Small business owners are consumed by the logistics of re-opening and ensuring a safe workplace for their staff and for their customers. While it’s essential for employers to protect the health of their employees against the Coronavirus, employee safety will also depend on the social climate of the environment employees will be returning to. As so aptly put by Teresa Ellis, a national executive board member of the Asian Pacific American Labor Alliance (APALA) in Washington, D.C., “Viruses don’t discriminate… Blaming Asians or people of any race or ethnicity, not only doesn’t help us combat this crisis, but it actively works against us at a time when it’s in everyone’s interests to stand together.” The presence of race or national origin-based discrimination creates significant liability for you, as the employer, and the business you are trying to keep afloat. Even if an employee, who is experiencing discrimination, does not report the incident, it will cause a divide in your team and be counterproductive to any efforts you make in reopening your company.
According to the ABA Journal, Lori Ecker (the owner of the Law Office of Lori D. Ecker in Chicago) recommends that as soon as employees return to the workplace, make a formal announcement to the entire staff that blame or harassment of any ethnic or national origin group violates their workplace policies. She further suggests implementing bystander intervention training, so employees understand that if they see one of their co-workers being harassed, they also need to report it to a supervisor or human resources. Here are a few more ways small business owners can reduce stigma and fight against discrimination, as provided by the CDC:
· Maintain the privacy and confidentiality of those seeking healthcare and those who may be part of any contact investigation.
· Correct harmful or discriminatory language that can cause stigma by sharing accurate information about how the virus spreads (Hint: it’s not spread by ethnicity)
· Speak out against negative behaviors and statements, including those on social media
· Make sure that images and language used in communications celebrate the diversity of your team and do not reinforce stereotypes
· Share virtual resources for mental health or other social support services for people who have experienced stigma or discrimination.
Unfortunately, this type of racial scapegoating in response to a crisis is nothing new for the United States. However, we are more aware of this tendency now and have greater means of sharing information widely and faster than ever. Xenophobia can often come from a place of misinformation, so it’s important to educate each other on COVID-19 related discrimination against Asians to reduce these incidents.
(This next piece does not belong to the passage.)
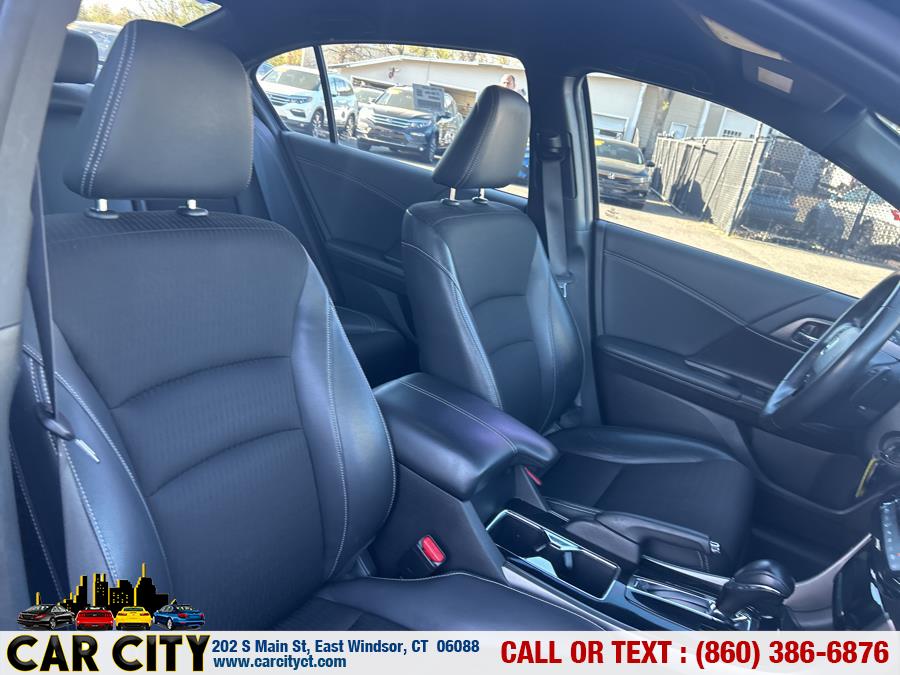 2017 Honda ACCORD SEDAN Sport CVT photo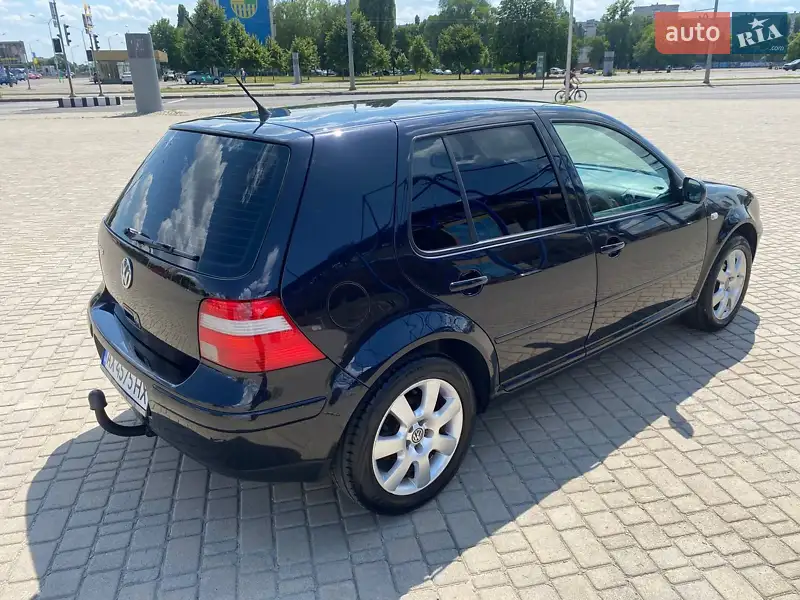 Хэтчбек Volkswagen Golf 2003 в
As we look to reopen the country, it will be on the shoulders of employers to protect their Asian employees from bias and stereotypes regarding the Coronavirus and to implement anti-discriminatory policies. The only way to avoid liability is to take every claim seriously and respond swiftly.
For further information and strategies for combatting Asian scapegoating and xenophobia in the workplace, the Asian Pacific American Labor Alliance (APALA) released guidance on how to protect AAPI (Asian American and Pacific Islander) workers in light of COVID-19.